■ **Assignment**
The lines to be set down run from the line containing "Final dish, tasty" through the final line of the data below; print them exactly and print nothing else.

====== Material for this exercise

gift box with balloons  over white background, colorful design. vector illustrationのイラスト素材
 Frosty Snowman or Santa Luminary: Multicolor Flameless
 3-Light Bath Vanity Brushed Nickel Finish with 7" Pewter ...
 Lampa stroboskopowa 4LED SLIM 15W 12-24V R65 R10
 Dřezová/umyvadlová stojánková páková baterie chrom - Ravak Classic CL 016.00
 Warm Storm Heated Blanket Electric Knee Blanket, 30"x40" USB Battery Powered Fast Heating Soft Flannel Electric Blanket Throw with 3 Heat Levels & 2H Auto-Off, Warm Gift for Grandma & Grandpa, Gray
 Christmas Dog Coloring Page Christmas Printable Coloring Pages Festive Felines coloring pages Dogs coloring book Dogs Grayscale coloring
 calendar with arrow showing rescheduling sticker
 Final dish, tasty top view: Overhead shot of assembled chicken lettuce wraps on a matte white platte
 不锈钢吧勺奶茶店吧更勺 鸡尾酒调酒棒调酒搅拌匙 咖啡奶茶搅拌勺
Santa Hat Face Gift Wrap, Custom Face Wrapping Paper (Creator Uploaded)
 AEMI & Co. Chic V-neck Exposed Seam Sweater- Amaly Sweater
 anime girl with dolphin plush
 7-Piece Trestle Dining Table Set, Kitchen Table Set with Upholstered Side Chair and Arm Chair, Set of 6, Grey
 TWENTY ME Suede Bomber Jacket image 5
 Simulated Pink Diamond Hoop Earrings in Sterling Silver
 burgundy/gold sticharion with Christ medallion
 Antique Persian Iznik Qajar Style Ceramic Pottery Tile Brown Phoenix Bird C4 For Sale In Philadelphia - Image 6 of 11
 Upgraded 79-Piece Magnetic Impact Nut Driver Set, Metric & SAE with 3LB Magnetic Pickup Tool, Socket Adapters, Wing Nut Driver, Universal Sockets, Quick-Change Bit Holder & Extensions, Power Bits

============

■ **Solution for this exercise**
 Final dish, tasty top view: Overhead shot of assembled chicken lettuce wraps on a matte white platte
 不锈钢吧勺奶茶店吧更勺 鸡尾酒调酒棒调酒搅拌匙 咖啡奶茶搅拌勺
Santa Hat Face Gift Wrap, Custom Face Wrapping Paper (Creator Uploaded)
 AEMI & Co. Chic V-neck Exposed Seam Sweater- Amaly Sweater
 anime girl with dolphin plush
 7-Piece Trestle Dining Table Set, Kitchen Table Set with Upholstered Side Chair and Arm Chair, Set of 6, Grey
 TWENTY ME Suede Bomber Jacket image 5
 Simulated Pink Diamond Hoop Earrings in Sterling Silver
 burgundy/gold sticharion with Christ medallion
 Antique Persian Iznik Qajar Style Ceramic Pottery Tile Brown Phoenix Bird C4 For Sale In Philadelphia - Image 6 of 11
 Upgraded 79-Piece Magnetic Impact Nut Driver Set, Metric & SAE with 3LB Magnetic Pickup Tool, Socket Adapters, Wing Nut Driver, Universal Sockets, Quick-Change Bit Holder & Extensions, Power Bits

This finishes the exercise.